The kernel will hang if the ipmi_si kernel driver is loaded.

Comment 2 Matt Domsch 2005-06-01 14:35:13 UTC
The hang on insmod of ipmi_si happens when a Dell DRAC4 card is present in the 
system.  Dell Engineering is investigating this.  It appears to be coming from 
the wait_event() call in ipmi_si.c:ipmi_register_smi().

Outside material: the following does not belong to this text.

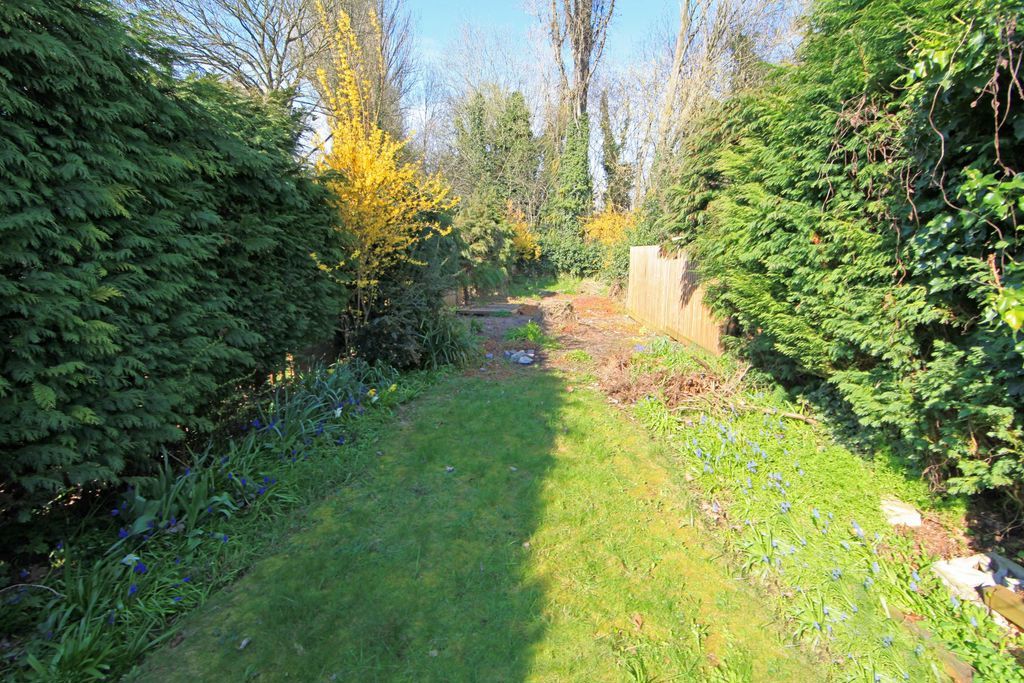 Property photo 2 of 15 Photo 4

                        /* Wait for the channel info to be read. */
                        up_read(&interfaces_sem);
                        wait_event((*intf)->waitq,
                                   ((*intf)->curr_channel>=IPMI_MAX_CHANNELS));
                        down_read(&interfaces_sem);

which never gets the completion.

The 2.4.x kernel openipmi driver v35, and 2.6.x kernel driver v33 fail 
similarly.  I haven't yet been able to try with the 2.6.12-rc4-mm2 + patches 
as posted to LKML, but suspect similar behavior would occur.

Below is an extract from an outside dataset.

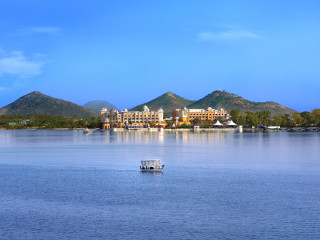 Boat lake hotel mountains background - dai xi free wallpaper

Comment 3 Shawn Starr 2005-06-01 14:40:19 UTC
The hang occurs two ways:

I should clarify this in the bug

1) sometimes rebooting the machine, and then trying to load the ipmi_si driver 
will just hang with insmod

2) sometimes if the driver is successfully loaded, it will work for a period of 
time, with the DRAC4 card visible, but after a period of time, rmmod will hang 
and openipmi will hang trying to communicate to the BMC

its not always going to hang, when loading the driver with insmod

Comment 4 Shawn Starr 2005-06-01 14:49:24 UTC
s/openipmi/ipmitool userland tools.

Comment 5 Matt Domsch 2005-06-02 17:30:35 UTC
In my lab, tests with PE2800 RHEL3 U5 kernel and RHEL4 U1 beta kernel, with 
and without DRAC4/i (small add-in daughtercard) succeed to insmod no problems.

I'll test with PE1850 next.

Comment 6 Matt Domsch 2005-06-03 21:59:35 UTC
I believe this to be a bug in the BMC firmware, which has been corrected in an 
internal build, and will be released to users in August.  Individual customers 
needing the fixed firmware before general release must call Dell tech support, 
and ask the technician to "escalate to Engineering" to obtain the BMC firmware 
which addresses the stuck attention bit problem.  Customers will be required 
to sign a Dell beta-code NDA and must have support from Dell.

Comment 7 Matt Domsch 2005-06-03 22:01:49 UTC
As this is not a Red Hat kernel bug, I am going to close this issue.